Emila’s position as Desdemona’s attendant and closest confidant combined with her witness of Desdemona’s death allows her to serve as an effective witness of Emila’s virtuous character. “She was too fond of her most filthy bargain,” Emilia says to Othello, simultaneously defending Desdemona’s love for Othello in combination with an angry, racist condemnation of Othello himself (5.2.192). “Though has killed the sweetest innocent that e’er did lift up eye” she continues, maintaining Desdemona’s fidelity despite Iago and Othello’s combined efforts to discredit her virtue (5.2.237–8).

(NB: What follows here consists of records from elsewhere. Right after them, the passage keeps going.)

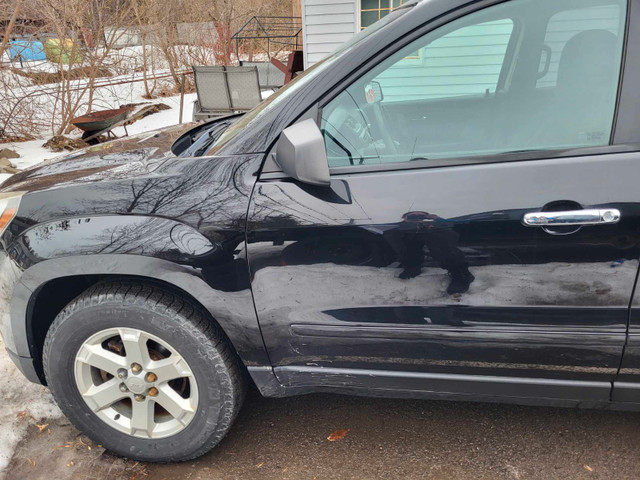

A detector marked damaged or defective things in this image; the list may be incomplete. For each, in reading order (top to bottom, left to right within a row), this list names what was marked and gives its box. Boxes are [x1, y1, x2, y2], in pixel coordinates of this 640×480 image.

dent on car door [246, 0, 640, 402]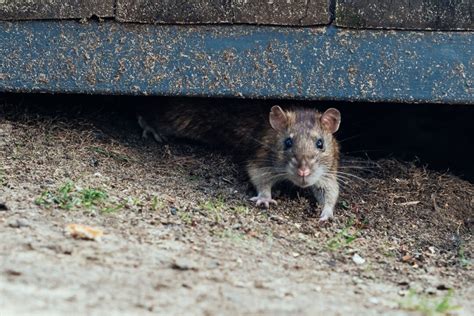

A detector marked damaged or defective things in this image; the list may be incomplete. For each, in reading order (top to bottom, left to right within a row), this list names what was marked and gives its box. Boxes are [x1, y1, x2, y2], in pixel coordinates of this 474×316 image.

rusty surface [0, 0, 113, 20]
rusty surface [115, 0, 330, 25]
rusty surface [336, 0, 472, 30]
rusty surface [0, 20, 472, 103]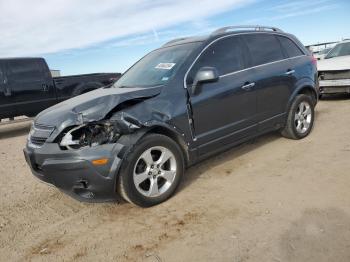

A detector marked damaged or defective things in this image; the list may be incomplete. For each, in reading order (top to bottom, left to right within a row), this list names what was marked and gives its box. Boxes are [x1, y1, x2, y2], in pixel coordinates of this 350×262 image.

crumpled hood [318, 55, 350, 71]
broken headlight [59, 121, 119, 149]
crumpled hood [34, 86, 162, 130]
damaged suv [23, 26, 320, 207]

Ultimately it is not her words that prove the most effective in persuading the men present but the bodily harm she endures at the hands of her husband that sways their opinion. After Emilia lays out the entirety of Iago’s deception, Iago kills her in a fit of rage before exiting the stage. With her final breath, she requests to be laid beside her mistress and tells Othello that “Moor, she was chaste. She loved thee, cruel Moor. So come my soul to bliss, as I speak true. So speaking as I think, alas, I die” (5.2.299–301). Even to the point of death, Emilia is adamant of Desdemona’s chastity, and it is her death that ultimately persuades Othello.

“Ultimately” is an excellent word for signaling both the conclusion of an idea and for highlighting the writer’s argument.

Thus, Shakespeare utilizes Emilia as one of the most silent characters in the play to reveal the surprising, hidden elements known by the audience to the rest of the characters, thereby making her one of the most pivotal characters. With well over a third of her spoken lines occurring in the last act of Othello and devoted to exposing both her husband’s mistreatment of the newly married Othello and Desdemona due to his jealousy of Othello and Desdemona’s marital fidelity to her husband, Emilia is the character upon which the climax of the plot hinges. Her presence, both living and dead, serves as a weighty testimony to the truth in the wake of her husband’s lies; while fundamental to the action of Act 5, her significance extends beyond this finite space to the totality of the play.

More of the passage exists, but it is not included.